BEGIN

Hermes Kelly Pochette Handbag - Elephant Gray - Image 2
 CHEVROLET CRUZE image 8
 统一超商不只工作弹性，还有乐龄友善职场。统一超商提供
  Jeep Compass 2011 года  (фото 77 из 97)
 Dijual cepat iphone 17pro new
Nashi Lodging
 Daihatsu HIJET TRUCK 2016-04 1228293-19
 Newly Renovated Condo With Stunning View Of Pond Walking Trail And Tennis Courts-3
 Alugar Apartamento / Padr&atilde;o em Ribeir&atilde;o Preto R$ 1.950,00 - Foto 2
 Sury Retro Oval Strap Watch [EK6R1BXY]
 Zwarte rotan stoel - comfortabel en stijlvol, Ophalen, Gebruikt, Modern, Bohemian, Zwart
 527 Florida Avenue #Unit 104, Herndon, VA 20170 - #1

END

- _PROBLEM DESCRIPTION_: Set the data down again in full. Keep it exact.

- _TASK ANSWER_:
Hermes Kelly Pochette Handbag - Elephant Gray - Image 2
 CHEVROLET CRUZE image 8
 统一超商不只工作弹性，还有乐龄友善职场。统一超商提供
  Jeep Compass 2011 года  (фото 77 из 97)
 Dijual cepat iphone 17pro new
Nashi Lodging
 Daihatsu HIJET TRUCK 2016-04 1228293-19
 Newly Renovated Condo With Stunning View Of Pond Walking Trail And Tennis Courts-3
 Alugar Apartamento / Padr&atilde;o em Ribeir&atilde;o Preto R$ 1.950,00 - Foto 2
 Sury Retro Oval Strap Watch [EK6R1BXY]
 Zwarte rotan stoel - comfortabel en stijlvol, Ophalen, Gebruikt, Modern, Bohemian, Zwart
 527 Florida Avenue #Unit 104, Herndon, VA 20170 - #1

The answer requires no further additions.